Further evidence VOD is a bad UX
Cory Bergman August 17th, 2008
NBC’s “total audience” numbers for the Olympics (latest here in .pdf) give a little insight into the bad user experience (UX) that plagues cable VOD. It’s also interesting when applied to all the local content that’s appearing on VOD these days. So far, VOD is making up .1 percent or less of the unique universe of Olympics viewers, compared to 7-8 percent for the web, according to NBC. Of course, more people have access to the internet than cable VOD, but that shouldn’t account for such a dramatic difference. I, for one, didn’t know the Olympics were available on Comcast VOD until I saw the NBC press releases and started surfing around.

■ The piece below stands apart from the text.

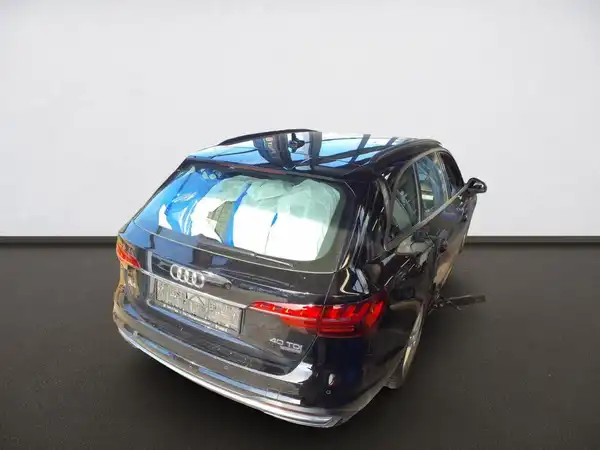 AUDI A4 Avant advanced 40 TDI qu. Business LED Navi+ Connect (3/5)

Ah, click “Top Picks” and “Beijing Olympics.” You’d think Comcast would at the very least make it a top-level menu item for the duration of the games. Nope. The same was true over on Charter VOD. “It should be the best VOD experience; instead it could medal in confusing,” writes Staci Kramer on PaidContent. As I’ve written before, the cable companies need to start producing VOD like the web or risk getting written out of the on-demand equation by experiences like Hulu.

Cable companies, especially Comcast, are aggressively ramping up their local VOD offerings. A quick perusal of Seattle’s local video includes local restaurant reviews, high school sports, pet adoptions, weekend events, auto classifieds, video dating… quite a selection. But so far the consumption levels are low for the same reason as the Olympics: people don’t know it exists in the first place. But it could become a competitive threat to local TV very quickly once cable companies fix the VOD user experience.

4 Comments Add your own
1. Randall | August 17th, 2008 at 1:03 pm
I’ve shown my father, age 70, 3 times how to use VOD on his cable system but he never remembers and when I access it, it takes way too long to get to something I want. The cable co’s need to do some basic research into the interactive experience or - read some online tips. Start with the “one click” rule and put a big red button on the remote for people to find it.
2. Andrea | August 18th, 2008 at 5:59 am
I agree that VOD is practically hidden. I had such a bad experience with Cablevision’s service–it was so slow, literally it would take 30-60 seconds just to load each page and I would occasionally have to reboot the box–that I gave up. I haven’t even checked out Time Warner’s offerings and I’ve been a subscriber for 2.5 years. I have too many other choices for programming and entertainment to be bothered.
3. Gunner | August 18th, 2008 at 9:00 am
I am a regular VOD user and a Comcast Customer. By-and-large I’d have to say I’m very satisfied with it. I watch CSI and Numbers on VOD, even though I have a TIVO (I watch them in HD and my TIVO is not HD compatible). I also watch a ton of the free movies.
One drawback, though, the CBS VOD shows are free and the NBC ones are on a pay-per-view basis.
4. Anonymous | August 21st, 2008 at 5:47 pm
You’re still wasting your time with me. I watched Xanadu on laserdisc again last night.